DATA TO PROCESS:

○ ○ ○ ○ ○ ○ ○

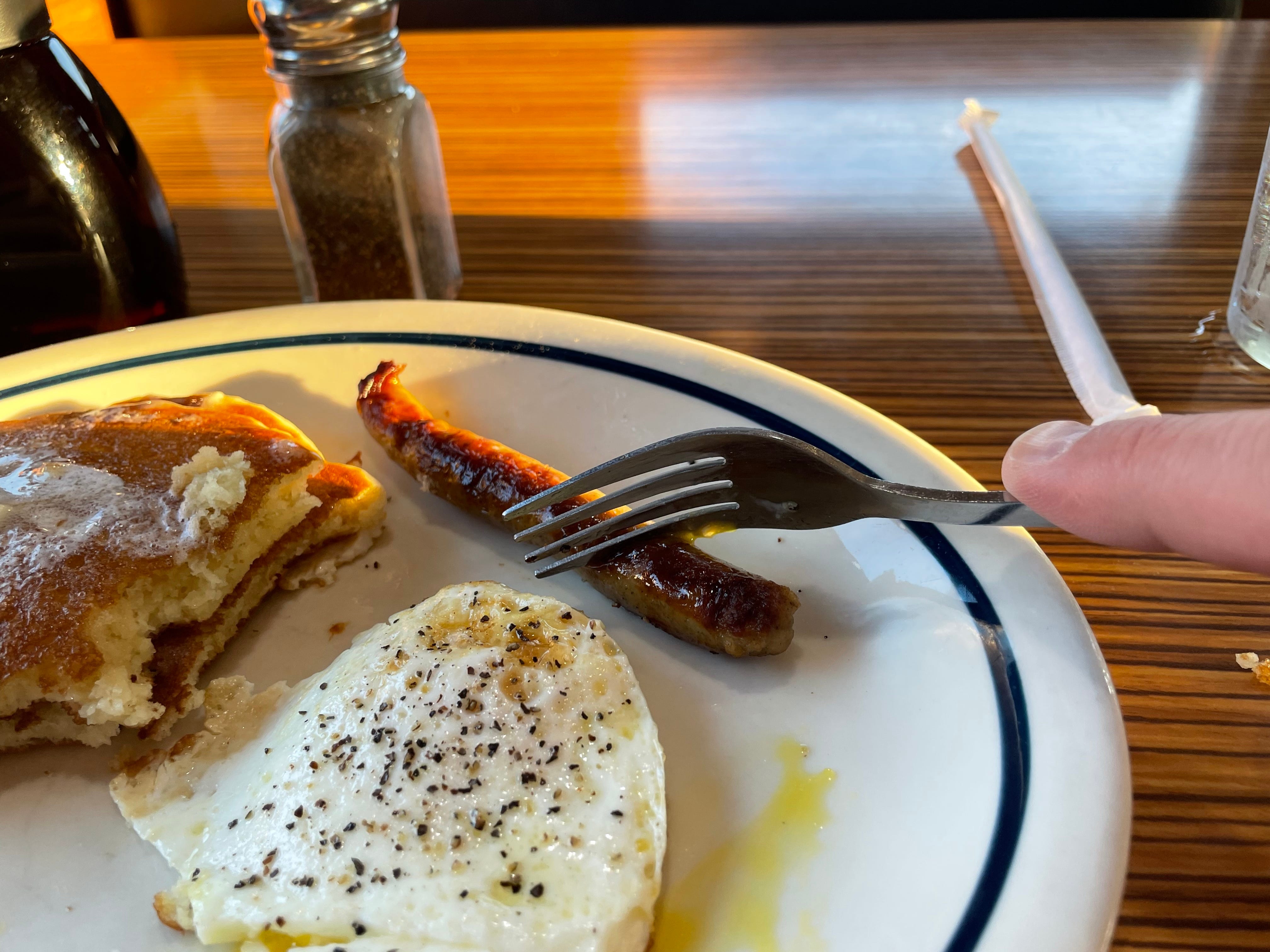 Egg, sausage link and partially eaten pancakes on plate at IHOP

○ ○ ○ ○ ○ ○ ○

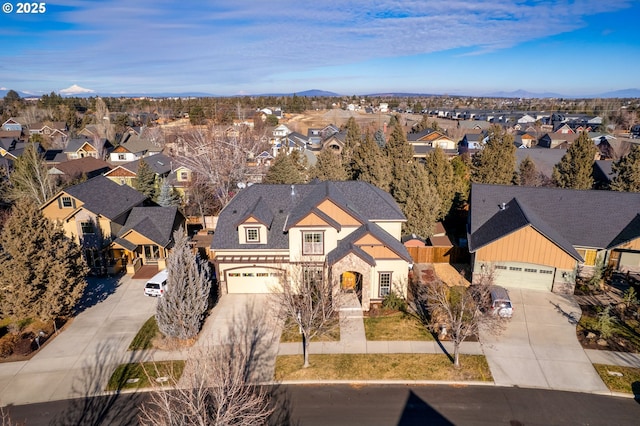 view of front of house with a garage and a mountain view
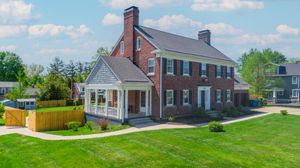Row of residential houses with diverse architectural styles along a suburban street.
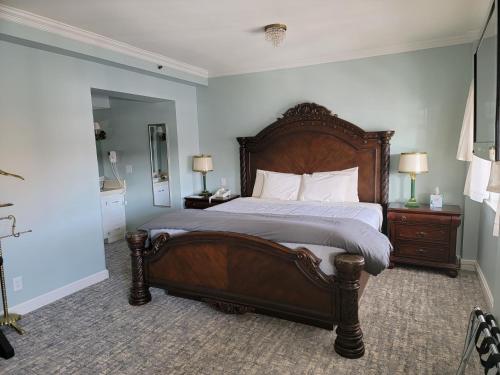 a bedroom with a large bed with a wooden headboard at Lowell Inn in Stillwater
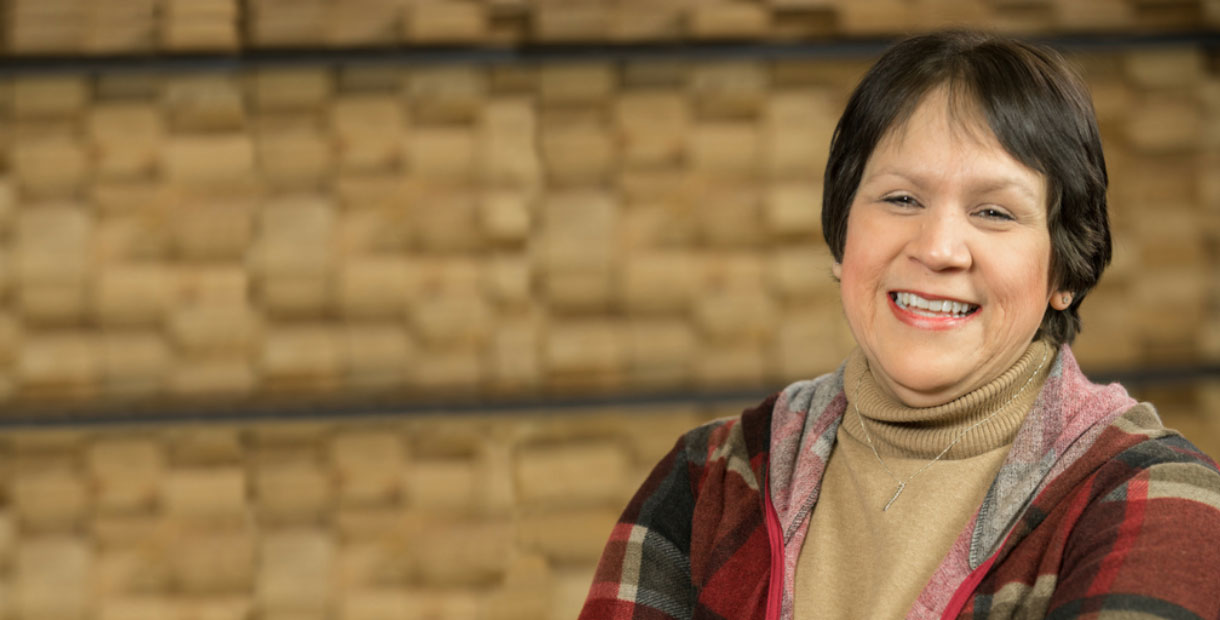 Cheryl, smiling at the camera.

○ ○ ○ ○ ○ ○ ○

Reproduce the listing above exactly from the line containing "view of front" up to and including the line containing "Cheryl, smiling at the camera.", omitting any images and everything outside those lines.

WRITTEN SOLUTION:
 view of front of house with a garage and a mountain view
Row of residential houses with diverse architectural styles along a suburban street.
 a bedroom with a large bed with a wooden headboard at Lowell Inn in Stillwater
 Cheryl, smiling at the camera.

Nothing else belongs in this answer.